Northampton (7B2) is a great little (narrow) strip along the side of the Connecticut River. I did my first dual and solo XCs here in the Cessna 172, N7242G. There is a very active flight training operation at the airport with a number of Light Sport Aircraft active in the pattern or going out to their typical practice area over Amherst, MA.
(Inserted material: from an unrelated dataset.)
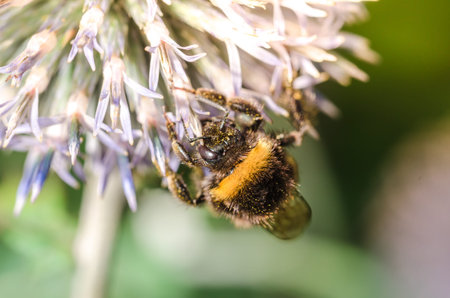 big bumblebee pollinates a flower EchÃ­nops. / bumblebee pollinates a flower. Selective focus.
Unlike the last two times I landed at Northampton Runway 14 was in use (my past times were with runway 32, which is just the opposite direction). Unlike some of my prior experiences with uncontrolled fields the airport was quite active and so there was no hunting around for weather information to figure out which runway to use (Northampton does not have automated weather). I’m sure the good weather was a factor here with scattered cumulus clouds bases at 4-5k feet very good visibility and light winds.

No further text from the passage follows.